What is a self-directed 401(k)?
A self-directed 401(k) is technically no different than any other 401(k) or IRA. It's unique because of the available investment options.
Most custodians only allow approved stocks, bonds, mutual funds and CDs. A truly self directed IRA/401(k) custodian, such as Equity Trust, allows those types of investments PLUS real estate, notes, private placements, tax lien certificates and much more.
What are the benefits of a self directed 401(k)?
In addition to the tremendous 401(k) benefits (tax-free profits, tax deductions, asset protection and estate planning), you can invest tax-free in investments that you know and understand, which through the power of compounding interest, can create true wealth for you and your family.
Why haven’t I heard of a self directed 401(k) before?
While the concept of investing in real estate and other assets in retirement plans has been around for more than 30 years, it hasn't received a great deal of attention. Why? Most custodians that offer 401(k)s (banks and brokerage firms) focus on mutual funds and CDs—because they have vested financial interests in having you select those investments from them.

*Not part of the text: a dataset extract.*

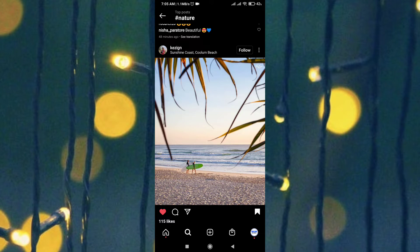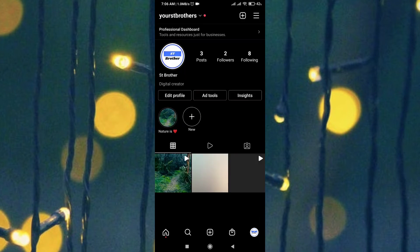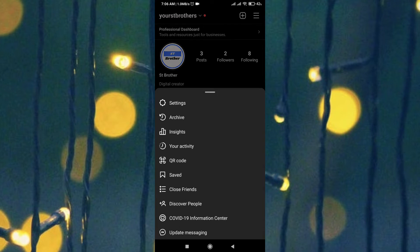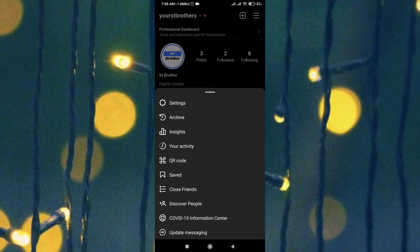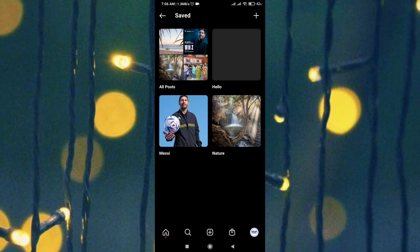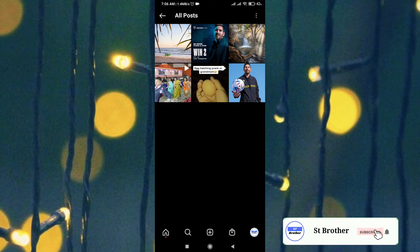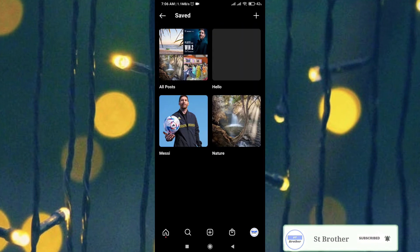To find the saved photos on Instagram, first tap on your profile icon at the bottom, then click on the three lines on the top right corner. From here you will find the 'Save' option — click on it and you will see your saved photos. This is how you can find saved photos on Instagram.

Because the majority of custodians focus on stocks and CDs, there's a common misperception that these are your only investment options for retirement plans. But this is not the case (see Allowable Investments for IRAs).
My CPA/attorney/financial advisor hasn’t heard of a self directed 401(k). What should I do?
It's not uncommon for trusted advisors to never have heard of self directed 401(k)s, given the relatively unknown nature of these accounts.
At Equity Trust, we've worked with thousands of professional advisors across the country to educate them regarding IRA, 401(k), and self directed 401(k) rules so they can best customize their advice to meet your personal needs.
If your advisors haven’t heard of a self directed 401(k) before, they can contact an Equity Trust Retirement Specialist at 1-888-382-4727, or you can encourage them to join our self directed IRA Professionals Network.
Are self directed 401(k)s allowed under IRS rules?
Yes—as long as you follow relevant rules.
IRS Publications 560 and 590 clearly state the rules and regulations governing IRAs and qualified retirement plans such as 401(k)s. You can also read additional rules and codes on IRAs.
Are there special rules for self directed 401(k) investments?
Yes. To ensure compliance, you should be familiar with specific rules for 401(k)s, and, in particular, self directed 401(k)s.
There are certain types of transactions that you cannot perform through a 401(k). Most importantly, the IRS prohibits “self-dealing,” investments in which you or family members of lineal descent have prior ownership. For more information, please see IRA rules.
Are my self directed 401(k) investments guaranteed?
No investment (aside from FDIC-insured deposits) is guaranteed. However, most successful investors feel that the investment risk in assets they know and understand is much less than the risk associated with making only conventional 401(k) investments.
Is a self directed 401(k) for everyone?
Self directed 401(k)s are not for everyone. They're for those who want to create wealth using their knowledge of investing in assets other than stocks, bonds, and CDs.